Problem to work on: Out of the material that follows, write out exactly the lines from the line with "2019年最受欢迎的中文在线小说推荐，精彩不容错过！" to the line with "自由城计划全部模组版下载(LAC)安卓手机版截图1", both ends included, and no others.

-------

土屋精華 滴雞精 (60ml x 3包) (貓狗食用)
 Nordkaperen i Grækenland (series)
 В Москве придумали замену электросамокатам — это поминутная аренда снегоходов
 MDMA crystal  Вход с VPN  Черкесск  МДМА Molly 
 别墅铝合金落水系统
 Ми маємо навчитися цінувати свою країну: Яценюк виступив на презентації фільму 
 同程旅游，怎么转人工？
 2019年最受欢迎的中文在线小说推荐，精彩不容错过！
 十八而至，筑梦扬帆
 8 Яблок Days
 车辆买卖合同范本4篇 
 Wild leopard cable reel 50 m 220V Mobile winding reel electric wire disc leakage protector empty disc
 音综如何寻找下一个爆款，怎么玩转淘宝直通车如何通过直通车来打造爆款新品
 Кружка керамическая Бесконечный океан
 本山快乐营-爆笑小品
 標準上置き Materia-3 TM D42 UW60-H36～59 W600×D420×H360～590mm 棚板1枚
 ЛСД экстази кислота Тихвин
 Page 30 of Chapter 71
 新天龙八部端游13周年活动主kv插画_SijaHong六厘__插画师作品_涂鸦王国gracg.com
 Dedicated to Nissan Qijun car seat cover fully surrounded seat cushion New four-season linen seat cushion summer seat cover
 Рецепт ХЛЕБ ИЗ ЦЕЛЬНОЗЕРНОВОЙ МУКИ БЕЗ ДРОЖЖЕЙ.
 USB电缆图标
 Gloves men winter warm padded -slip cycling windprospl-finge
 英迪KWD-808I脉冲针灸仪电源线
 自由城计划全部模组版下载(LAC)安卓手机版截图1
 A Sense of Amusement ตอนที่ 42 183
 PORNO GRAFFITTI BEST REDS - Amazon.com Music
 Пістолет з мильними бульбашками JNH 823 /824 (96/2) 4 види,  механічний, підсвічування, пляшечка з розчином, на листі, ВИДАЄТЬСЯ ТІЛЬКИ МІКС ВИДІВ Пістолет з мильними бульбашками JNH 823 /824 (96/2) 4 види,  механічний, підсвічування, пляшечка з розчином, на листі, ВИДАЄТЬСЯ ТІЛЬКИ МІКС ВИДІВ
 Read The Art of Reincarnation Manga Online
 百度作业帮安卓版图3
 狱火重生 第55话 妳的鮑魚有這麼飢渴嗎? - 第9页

-------

Response area:
 2019年最受欢迎的中文在线小说推荐，精彩不容错过！
 十八而至，筑梦扬帆
 8 Яблок Days
 车辆买卖合同范本4篇 
 Wild leopard cable reel 50 m 220V Mobile winding reel electric wire disc leakage protector empty disc
 音综如何寻找下一个爆款，怎么玩转淘宝直通车如何通过直通车来打造爆款新品
 Кружка керамическая Бесконечный океан
 本山快乐营-爆笑小品
 標準上置き Materia-3 TM D42 UW60-H36～59 W600×D420×H360～590mm 棚板1枚
 ЛСД экстази кислота Тихвин
 Page 30 of Chapter 71
 新天龙八部端游13周年活动主kv插画_SijaHong六厘__插画师作品_涂鸦王国gracg.com
 Dedicated to Nissan Qijun car seat cover fully surrounded seat cushion New four-season linen seat cushion summer seat cover
 Рецепт ХЛЕБ ИЗ ЦЕЛЬНОЗЕРНОВОЙ МУКИ БЕЗ ДРОЖЖЕЙ.
 USB电缆图标
 Gloves men winter warm padded -slip cycling windprospl-finge
 英迪KWD-808I脉冲针灸仪电源线
 自由城计划全部模组版下载(LAC)安卓手机版截图1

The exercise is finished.